* EXERCISE *
Transcribe the entries exactly as they stand below, passing over any picture.
*** THE DATA ***
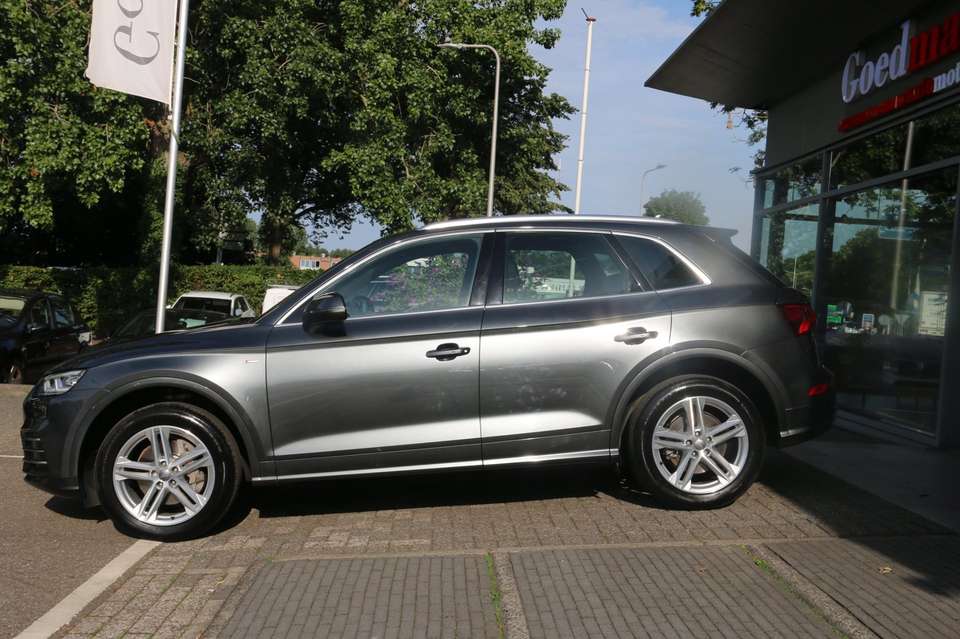 Audi Q5 - Imagem 6
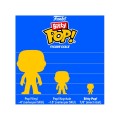 Funko Marvel Comics Pocket POP 13 Day Advent Calendar Countdown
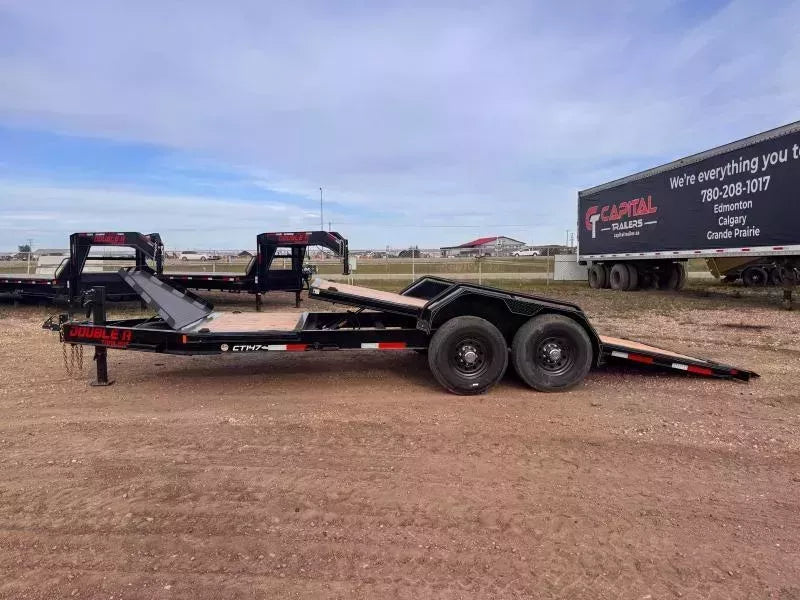 2027 Double A CT147-20 35337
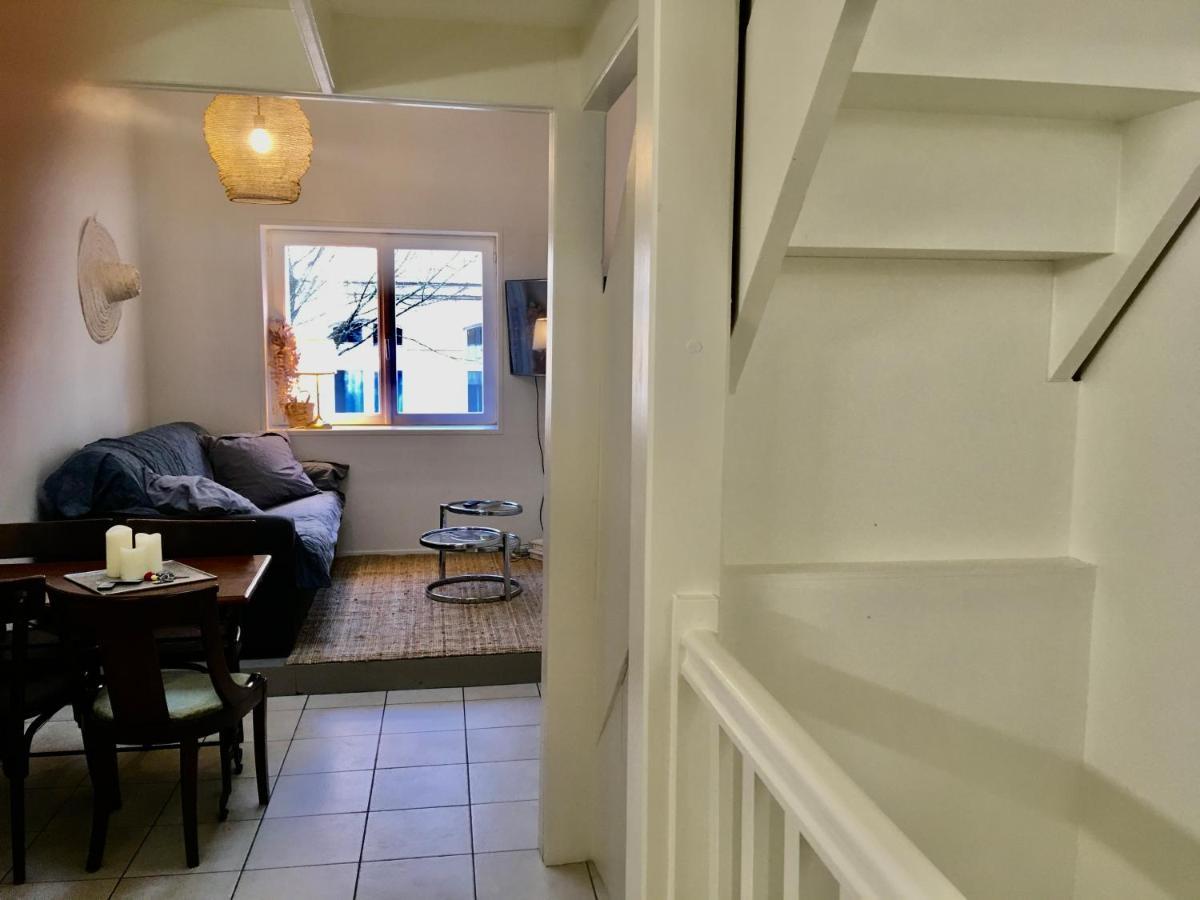 Appartamento L'Atelier Du Vieux Port Avec Parking La Rochelle  Esterno foto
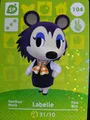 Produktbild: Animal Crossing Originale Amiibo Karten Serie 2 Auswahl Nr 101-200 EU-Version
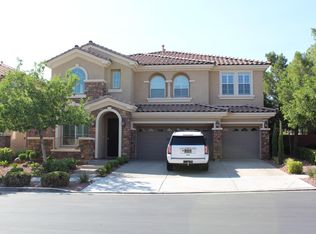 11663 Suburban Rd, Las Vegas, NV 89135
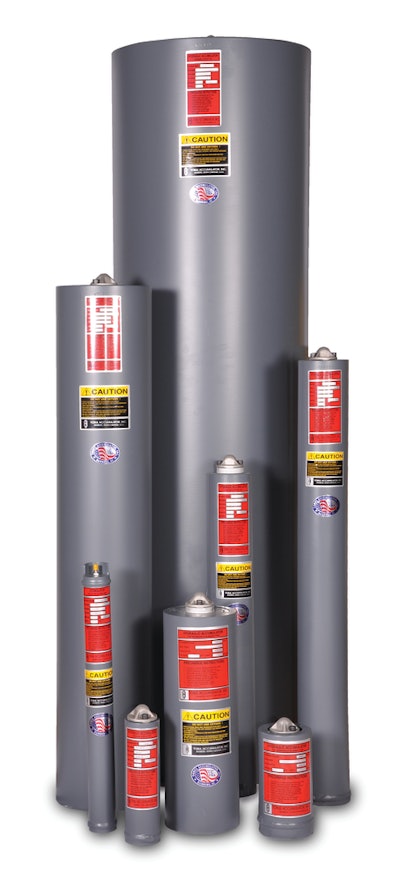 Tobulaccumulators Piston 10757946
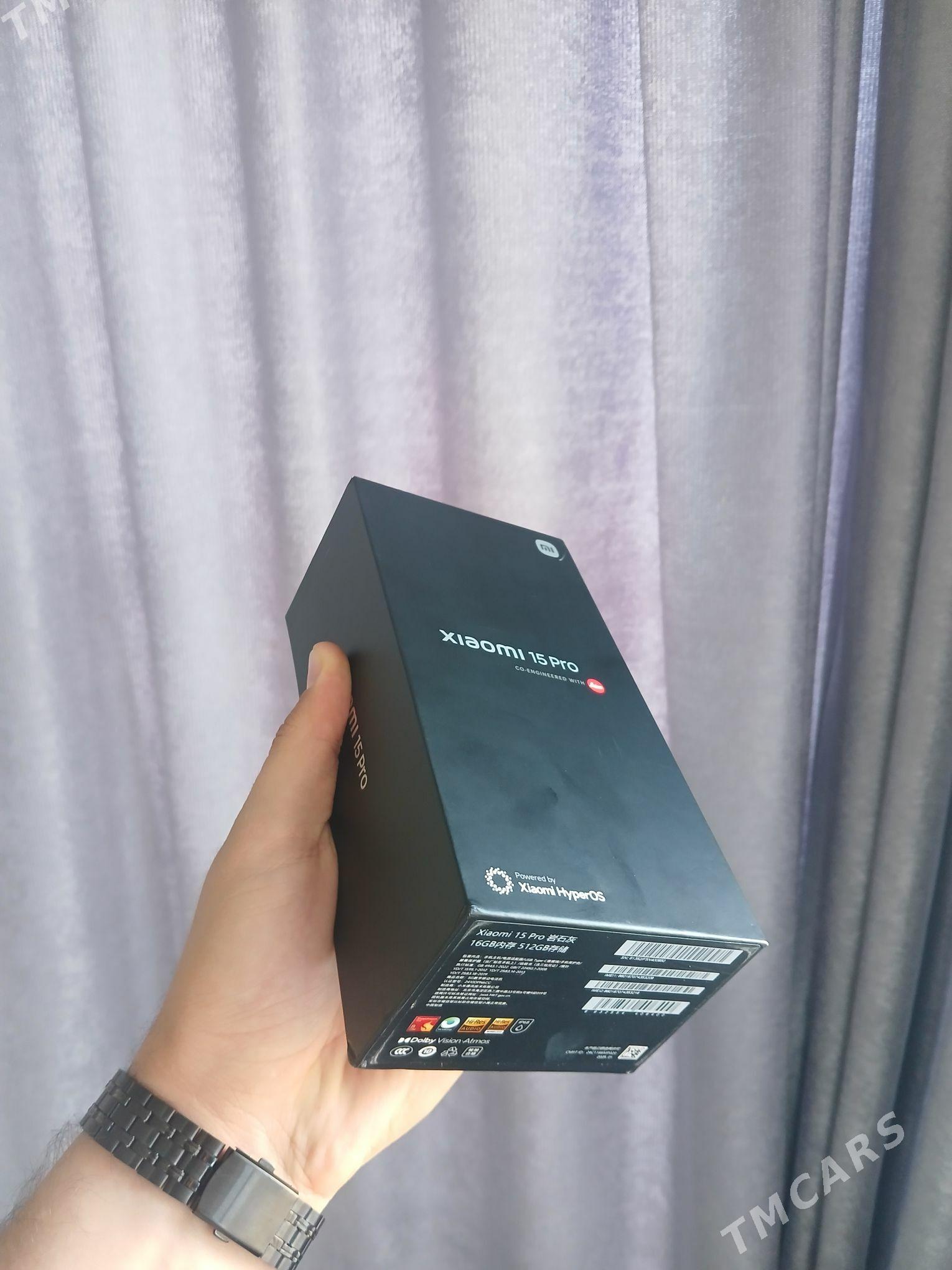 xiaomi 15 pro - Мары - img 3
*** End of THE DATA ***
* YOUR SOLUTION *
 Audi Q5 - Imagem 6
 Funko Marvel Comics Pocket POP 13 Day Advent Calendar Countdown
 2027 Double A CT147-20 35337
 Appartamento L'Atelier Du Vieux Port Avec Parking La Rochelle  Esterno foto
 Produktbild: Animal Crossing Originale Amiibo Karten Serie 2 Auswahl Nr 101-200 EU-Version
 11663 Suburban Rd, Las Vegas, NV 89135
 Tobulaccumulators Piston 10757946
 xiaomi 15 pro - Мары - img 3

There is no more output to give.